Princeton’s Episcopal chaplain, the Rev. Rowland Cox, believes that students shy away from the open convert seeker or “the guy who wants to gimmick around with your life.” “Our job is people,” says the Rev. Harold Cooper, one of the Protestant chaplains at the University of Massachusetts, “and the idea is not to bring them into the fold but to help them live better lives as persons.” Most chaplains today shun even such an old-fashioned evangelistic idea as a “Religious Emphasis Week”; they talk about God only when the students want to. Church-sponsored activities, often organized ecumenically by team ministers of different faiths, rarely stress their denominational origin. At Columbia, the Protestant Office sponsors a student hangout called “The Post-crypt,” but Acting University Chaplain John Cannon stoutly contends that it is “not a Christian coffeehouse; it has nothing to do with evangelism at all.”

“You’re the Minister.” In this nonevangelistic approach, ministers deal with student interests and problems that are mostly secular: sex, rebellion against authority, concern about jobs, the “meaninglessness” of life. Rather than hand down dicta from the pulpit, the clergymen try to help the students work out their own problems in their own way, without departing from the necessity of teaching that there are absolute rights and wrongs. Dealing with an undogmatic generation, some also see the merits of relativism. “You can’t tell them what to do,” says the Rev.

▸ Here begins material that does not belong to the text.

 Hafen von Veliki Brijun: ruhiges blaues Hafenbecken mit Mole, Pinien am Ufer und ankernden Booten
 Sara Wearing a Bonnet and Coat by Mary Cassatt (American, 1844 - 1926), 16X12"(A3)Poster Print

Harwood Bartlett of Georgia Tech. Many campus ministers encourage students to take on spiritual responsibility of their own. When one University of Minnesota student reported that his roommate had a drinking problem, Episcopal Chaplain G. Russell Hatton replied: “Then go have a few drinks with him. You’re the minister. You’re the one who has to help him.”

Such behind-the-scenes service is often necessary, suggests Episcopal Chaplain John Pyle of the University of Chicago, because “there is a general feeling of anti-institutionalism” among students. But beneath student skepticism, many campus clerics see evidence of a genuine but unformed faith. Although they encounter some convinced atheists, more often the doubter is like the University of Houston graduate student who told a Baptist chaplain that she “had hated God since she was six” because a minister told her that “God had taken” her father when he died. Now, says the Rev. DeWitt Baldwin of the University of Michigan, “the students say simply, ‘I just don’t know what to believe.’ They’re seeking meaning, but don’t feel that the church is giving good definitions.”

For many students, doubt and rebellion seem to be essential phases of the transition from an inherited faith to one of their own, and campus chaplains believe that their job is to help the students make this spiritual passage. For that reason, the chaplains are neither worried about low chapel attendance nor dismayed that relatively few students remain openly loyal to the faith they grew up with. “The fruits of the campus ministry,” says Atlanta’s Bartlett, “sometimes come five years later.”